**TASK STATEMENT:** When you reach the line containing "Pilot Στυλό Super Grip 0.7mm Μπλε" in the data below, begin returning lines exactly as written, and stop once the line containing "Ketaus keptuvė, wok, 45 cm, grilio lėkštė" has been returned.

(Crawled caption data)
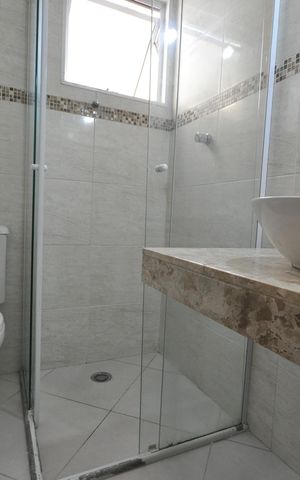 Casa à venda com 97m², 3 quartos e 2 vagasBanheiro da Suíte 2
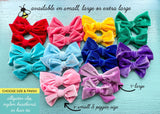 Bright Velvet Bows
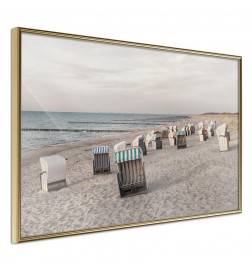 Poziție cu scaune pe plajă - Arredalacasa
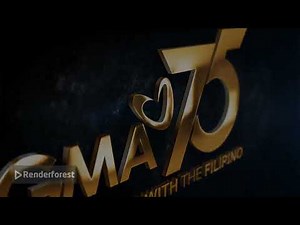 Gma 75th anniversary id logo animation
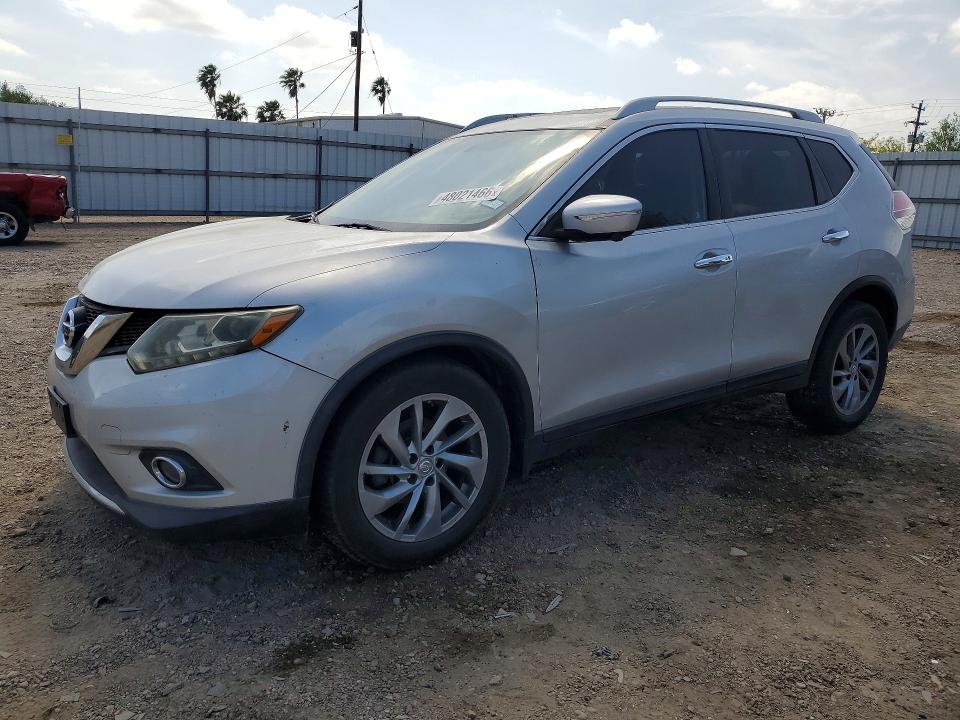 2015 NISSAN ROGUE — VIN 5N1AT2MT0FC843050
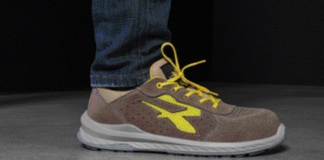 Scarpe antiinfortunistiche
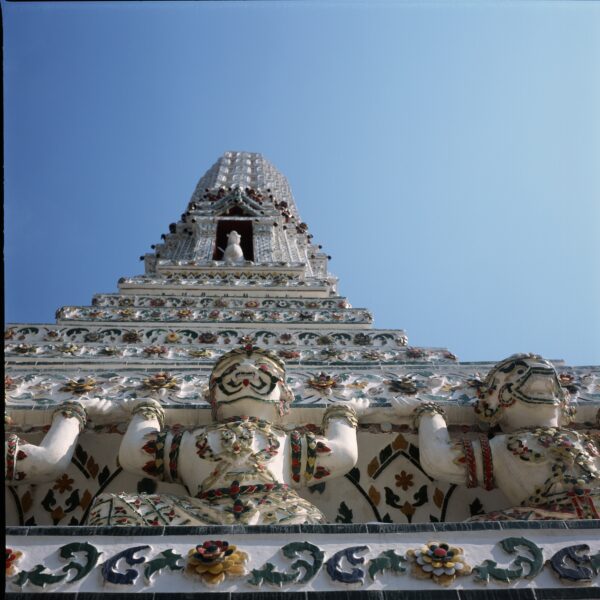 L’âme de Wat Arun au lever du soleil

---

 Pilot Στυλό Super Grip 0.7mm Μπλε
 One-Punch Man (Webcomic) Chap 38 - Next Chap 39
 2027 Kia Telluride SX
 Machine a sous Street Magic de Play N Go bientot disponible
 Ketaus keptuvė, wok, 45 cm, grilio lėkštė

**THE COMPLETED TASK:**
 Pilot Στυλό Super Grip 0.7mm Μπλε
 One-Punch Man (Webcomic) Chap 38 - Next Chap 39
 2027 Kia Telluride SX
 Machine a sous Street Magic de Play N Go bientot disponible
 Ketaus keptuvė, wok, 45 cm, grilio lėkštė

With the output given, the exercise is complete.